La compagnie nationale française a annoncé qu’elle devait réduire ses coûts afin de gagner en productivité pour se redresser. Lors de son comité central d’entreprise, jeudi 24 mai, les orientations de son projet pour réformer ses activités moyen et long-courrier, ainsi que la maintenance et le cargo ont été présentées.

En avril, Air France pensait développer différemment sa filiale Transavia dans le développement du « low-cost », de plus, la compagnie souhaitait mettre en place une nouvelle offre commerciale long-courrier, une réduction de la flotte cargo, une réorganisation de la maintenance et également le regroupement des filiales Britair, Régional et Airliner.

Réorganisation de la desserte

Air France a présenté aux syndicats une réorganisation de ses vols courts et moyen-courriers, avec en particulier la création d’un pôle régional regroupant trois compagnies existantes et la montée en puissance de la compagnie « low cost » Transavia, a déclaré une représentante syndicale, à l’agence de presse, Reuters. Cependant, en plein comité, Béatrice Lestic, secrétaire générale de la CFDT, présente au comité central d’entreprise (CCE), a indiqué que la compagnie « a annoncé un projet de regroupement de ses filiales régionales Régional, Brit Air et Airlinair ».
Les réductions de personnel — prévues — devraient être connues à la fin du mois de juin.
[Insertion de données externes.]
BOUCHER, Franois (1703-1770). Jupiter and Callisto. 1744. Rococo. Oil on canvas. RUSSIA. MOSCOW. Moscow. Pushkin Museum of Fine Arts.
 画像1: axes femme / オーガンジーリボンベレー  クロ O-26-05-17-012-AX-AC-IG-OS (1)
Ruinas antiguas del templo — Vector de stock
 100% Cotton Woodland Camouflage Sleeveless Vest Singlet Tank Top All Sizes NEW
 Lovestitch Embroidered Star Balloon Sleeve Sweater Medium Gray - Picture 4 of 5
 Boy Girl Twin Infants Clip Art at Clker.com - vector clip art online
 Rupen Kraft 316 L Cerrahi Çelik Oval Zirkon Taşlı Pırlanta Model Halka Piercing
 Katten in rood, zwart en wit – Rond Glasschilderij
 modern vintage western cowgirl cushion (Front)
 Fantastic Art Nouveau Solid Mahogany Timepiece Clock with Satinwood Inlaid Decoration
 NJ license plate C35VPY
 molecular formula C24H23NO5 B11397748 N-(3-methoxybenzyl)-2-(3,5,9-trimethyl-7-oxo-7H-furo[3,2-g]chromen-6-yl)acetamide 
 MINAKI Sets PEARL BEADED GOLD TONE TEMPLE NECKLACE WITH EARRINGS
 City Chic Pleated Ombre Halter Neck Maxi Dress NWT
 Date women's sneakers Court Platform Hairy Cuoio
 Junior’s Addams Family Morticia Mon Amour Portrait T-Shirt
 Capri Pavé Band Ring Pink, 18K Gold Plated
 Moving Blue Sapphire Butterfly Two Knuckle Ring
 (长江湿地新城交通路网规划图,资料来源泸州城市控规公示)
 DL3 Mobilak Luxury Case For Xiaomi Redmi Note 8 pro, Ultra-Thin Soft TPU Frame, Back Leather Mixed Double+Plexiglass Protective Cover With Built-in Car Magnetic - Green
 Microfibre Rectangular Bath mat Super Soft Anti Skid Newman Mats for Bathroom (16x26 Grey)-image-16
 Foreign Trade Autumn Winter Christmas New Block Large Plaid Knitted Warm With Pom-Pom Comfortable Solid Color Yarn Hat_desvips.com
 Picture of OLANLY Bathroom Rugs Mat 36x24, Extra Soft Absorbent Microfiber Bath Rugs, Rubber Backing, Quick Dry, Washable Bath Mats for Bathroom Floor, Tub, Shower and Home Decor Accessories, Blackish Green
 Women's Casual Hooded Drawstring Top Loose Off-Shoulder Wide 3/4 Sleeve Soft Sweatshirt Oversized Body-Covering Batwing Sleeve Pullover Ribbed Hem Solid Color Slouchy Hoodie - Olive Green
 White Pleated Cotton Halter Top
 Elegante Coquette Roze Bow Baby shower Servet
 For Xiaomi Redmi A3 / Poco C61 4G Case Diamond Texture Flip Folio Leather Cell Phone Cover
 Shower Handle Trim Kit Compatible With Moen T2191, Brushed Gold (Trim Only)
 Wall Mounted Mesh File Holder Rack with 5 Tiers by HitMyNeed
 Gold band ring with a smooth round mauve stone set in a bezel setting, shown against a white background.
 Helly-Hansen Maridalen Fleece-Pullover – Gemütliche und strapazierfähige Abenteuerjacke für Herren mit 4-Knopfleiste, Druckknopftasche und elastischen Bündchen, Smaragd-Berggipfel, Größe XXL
Air France-KLM, dont l’État français détient 15,9%, veut économiser deux milliards d’euros d’ici fin 2014. Toutefois, la flotte de la compagnie « low cost » Transavia devrait se développer, avec une vingtaine de Boeing 737, d’ici 2015 contre 8 aujourd’hui. « Transavia restera hors du pôle régional et connaîtra une montée en charge sur les trois prochaines années sur des lignes loisirs autour de la Méditerranée », a expliqué la syndicaliste. L’objectif d’Air France est d’étendre ce modèle dans d’autres aéroports, notamment en province. « Il n’y a pas de gros changement stratégique sur le modèle économique mais des adaptations sensibles sur le court- et moyen-courrier », a expliqué Béatrice Lestic.

Deux mesures en attendant le plan social

En attendant, le plan social, les départs naturels ne seront pas remplacés et devraient concerner 2.400 postes au total pour les trois ans à venir. À cette mesure, un plan de départs volontaires pourrait être lancé et concernerait près de 2.500 personnes, selon des estimations récemment évoquées par la presse, démenties par la direction et non confirmées par les syndicats, a indiqué le site 20minutes.
En 2010, la compagnie avait mis en place un plan de départs volontaires, qui avait concerné 1.800 personnes. Après avoir accepté le gel des embauches et des salaires, les syndicats veulent l’assurance que le personnel sera récompensé de ses efforts si la situation d’Air France s’améliore à nouveau, dans un secteur promis à une solide croissance annuelle de son trafic. « Nous souhaitons une clause de retour à bonnes fortunes, de manière à ce que, si l’entreprise devait à nouveau faire un bond en avant, les salariés soient récompensés de l’effort qui est consenti », a déclaré Philippe Chassonnery, de Force Ouvrière.